Joy Dept. - An Interactive Installation
For our master’s thesis project, I came together with three classmates to create Joy Dept. We all share the interest of learning how people use and interact in public spaces, and we have a goal of wanting to inspire joyful human interactions. We decided to do this by merging a public art installation with an interactive experience that encourages human connection through curiosity and delight. This one of a kind interactive installation, themed like a campsite, builds and scales as more people participate.
Roles: Technology Lead, Web Design, UX Research, Fabrication
Before landing on our final idea, we conducted a few months of research to identify the problem we wanted to solve. We looked into the existing market to identify interesting work being done by other artists, architects, designers, etc. We completed a competitive analysis to further analyze projects that were especially interesting to us. This led to observations of various public spaces and affinity mapping the behaviors we found interesting there. After identifying the problem we wanted to solve, we completed more affinity mapping to decide what we would actually make.
Problem Statement from Research: The absence of personal comfort and compelling stimuli hinders human interaction in public spaces.
In order raise funds for the prototyping and building of our project, we created an Indiegogo campaign.
Prototyping for our project fell in two different categories—joy and technology. To observe how people would react to/interact with various joyful scenarios, we set up a puzzle in public spaces with an invitation to join in and a colorfully decorated bench in the middle of a college campus.
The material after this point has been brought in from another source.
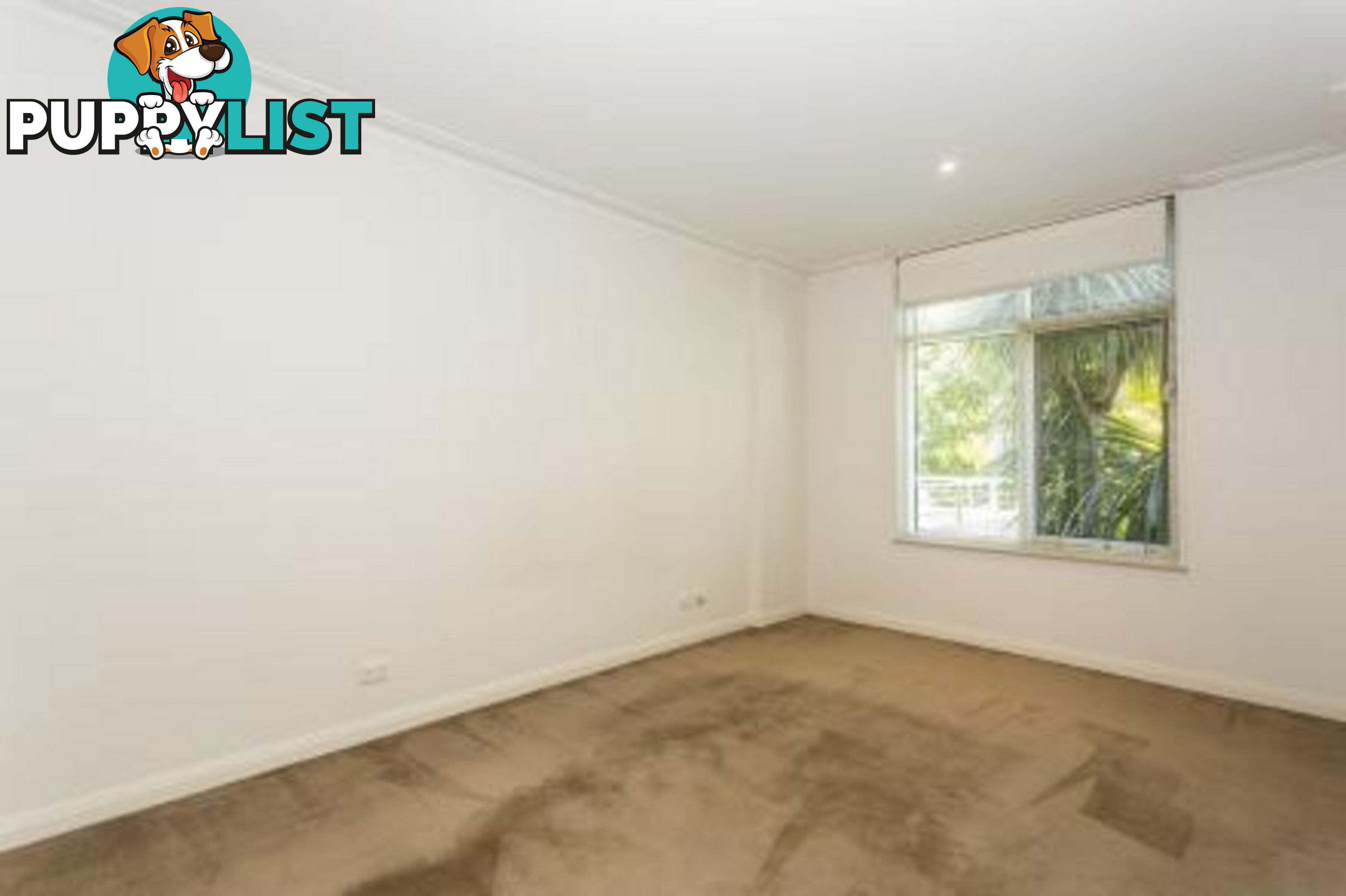 32 85 Alexandra Avenue SOUTH YARRA VIC 3141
Technological prototypes varied from creating a fire with a fan, tea lights, and fabric/streamers to experimenting with lights and pressure sensors connected to an Arduino.
The installation is controlled through six Arduinos (one for each seat). An FSR in each seat measures pressure and triggers lights underneath and in the fire. The diagram on the right shows the setup for one Arduino. The images below are soldered boards that connect to the Arduinos—one for RGB lights, one for mini lights, and one for ring lights/FSR.
View the final Arduino code here.
The final installation is available to help foster connections and ignite conversations at public events, offices, museums, etc.—anywhere where building social connections can have a positive impact.